Segundo informações repercutidas pela revista UOL, quando a confiança já estava estabelecida, eles diziam que as mulheres ganhariam um prêmio de 800 mil dólares, quase R$ 5 milhões. Na prática, o golpe era bem elaborado, com mensagens em inglês, documentos falsificados, fotos de pacotes lacrados com suposto dinheiro e comprovantes falsos de entrega internacional.
Por fim, o clímax do esquema ocorria quando eles solicitavam que as vítimas pagassem uma taxa pela encomenda. Em seguida, as transferências eram feitas via Pix para contas ligadas ao suspeito.
Prejuízos e investigação
Uma das vítimas identificadas é uma mulher de Minas Gerais, que acabou perdendo R$ 80 mil ao acreditar que falava com o ator. Além disso, outra pessoa, desta vez de Brasília, sofreu um golpe de R$ 11,6 mil.

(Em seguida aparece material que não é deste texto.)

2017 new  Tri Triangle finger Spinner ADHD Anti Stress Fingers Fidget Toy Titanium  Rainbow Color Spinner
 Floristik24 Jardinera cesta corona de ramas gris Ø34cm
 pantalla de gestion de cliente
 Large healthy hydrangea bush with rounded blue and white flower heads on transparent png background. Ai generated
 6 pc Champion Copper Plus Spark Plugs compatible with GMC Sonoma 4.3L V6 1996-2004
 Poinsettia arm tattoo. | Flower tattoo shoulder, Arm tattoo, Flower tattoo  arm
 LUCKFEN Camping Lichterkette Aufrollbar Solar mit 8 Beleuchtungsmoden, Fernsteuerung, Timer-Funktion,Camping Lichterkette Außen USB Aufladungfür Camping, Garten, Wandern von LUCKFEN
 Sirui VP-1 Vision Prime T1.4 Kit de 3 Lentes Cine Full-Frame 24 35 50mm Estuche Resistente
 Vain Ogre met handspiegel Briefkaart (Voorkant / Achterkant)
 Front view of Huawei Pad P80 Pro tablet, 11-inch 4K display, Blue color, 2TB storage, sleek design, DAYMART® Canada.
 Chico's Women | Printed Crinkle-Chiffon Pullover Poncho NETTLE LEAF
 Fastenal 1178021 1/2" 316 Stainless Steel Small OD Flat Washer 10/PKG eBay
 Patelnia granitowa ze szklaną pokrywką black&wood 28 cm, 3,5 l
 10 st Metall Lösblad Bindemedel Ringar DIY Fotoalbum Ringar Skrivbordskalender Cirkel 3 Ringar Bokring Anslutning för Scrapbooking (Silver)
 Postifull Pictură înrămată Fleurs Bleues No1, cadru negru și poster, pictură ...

Segundo a Polícia Civil, o esquema atuava em diversos estados e, por isso, os investigadores acreditam que ainda haja outras pessoas prejudicadas. Paralelamente às investigações, a polícia decretou a prisão preventiva do suspeito apontado como responsável pela parte financeira do golpe no Brasil.
No mesmo dia, os agentes cumpriram dois mandados de busca e apreensão: um em Florianópolis e outro em Itajaí, ambas em Santa Catarina. Durante as ações, foram recolhidos celulares, computadores e outros dispositivos eletrônicos, que agora serão analisados. Com esse material, os investigadores esperam entender melhor como a quadrilha atuava e, eventualmente, localizar novas vítimas.